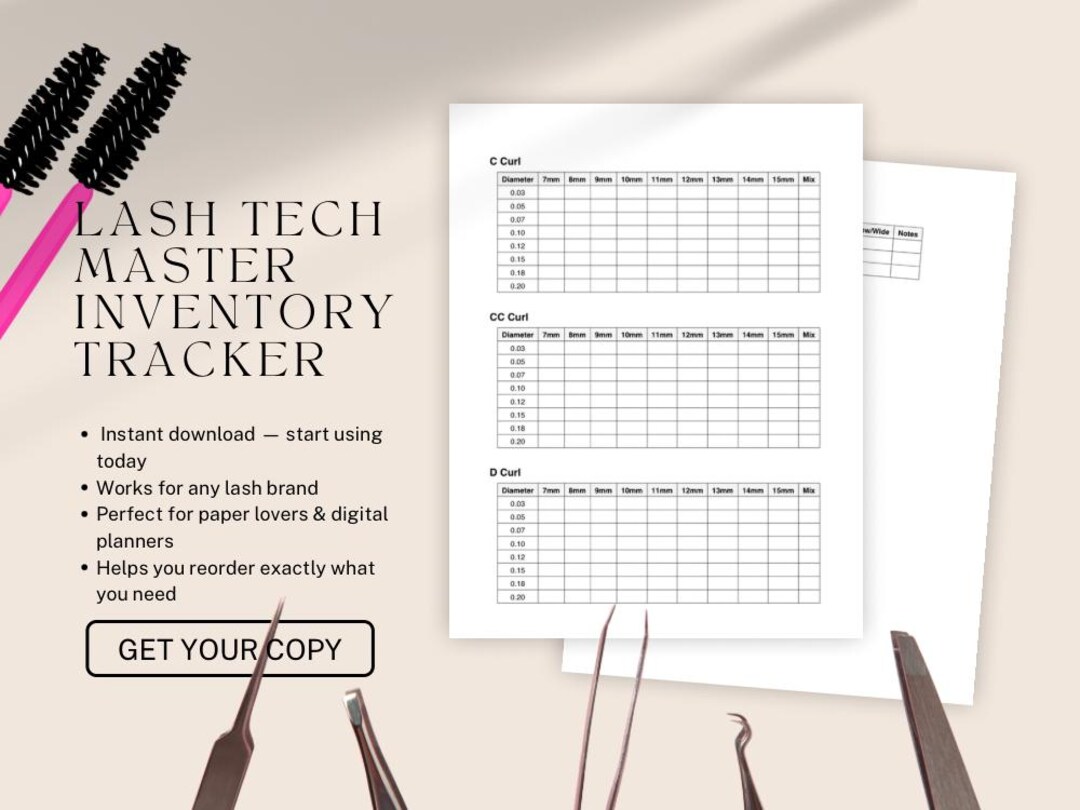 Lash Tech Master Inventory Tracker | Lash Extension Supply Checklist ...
...
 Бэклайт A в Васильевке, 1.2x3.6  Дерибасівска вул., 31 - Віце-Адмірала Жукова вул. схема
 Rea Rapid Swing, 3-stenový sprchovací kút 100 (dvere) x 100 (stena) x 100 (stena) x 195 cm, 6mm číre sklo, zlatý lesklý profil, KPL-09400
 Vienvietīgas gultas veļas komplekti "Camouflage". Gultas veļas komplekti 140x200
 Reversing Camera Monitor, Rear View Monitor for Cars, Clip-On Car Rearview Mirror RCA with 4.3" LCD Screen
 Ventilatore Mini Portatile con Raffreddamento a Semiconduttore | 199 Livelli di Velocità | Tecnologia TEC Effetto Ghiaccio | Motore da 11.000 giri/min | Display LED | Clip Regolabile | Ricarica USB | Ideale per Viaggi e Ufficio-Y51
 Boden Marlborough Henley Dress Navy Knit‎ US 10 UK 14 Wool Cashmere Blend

## Task goal
Of the lines above, retype only those from the line containing "Reversing Camera Monitor, Rear" through the line containing "Boden Marlborough Henley", including both, exactly.

## Output of the exercise
 Reversing Camera Monitor, Rear View Monitor for Cars, Clip-On Car Rearview Mirror RCA with 4.3" LCD Screen
 Ventilatore Mini Portatile con Raffreddamento a Semiconduttore | 199 Livelli di Velocità | Tecnologia TEC Effetto Ghiaccio | Motore da 11.000 giri/min | Display LED | Clip Regolabile | Ricarica USB | Ideale per Viaggi e Ufficio-Y51
 Boden Marlborough Henley Dress Navy Knit‎ US 10 UK 14 Wool Cashmere Blend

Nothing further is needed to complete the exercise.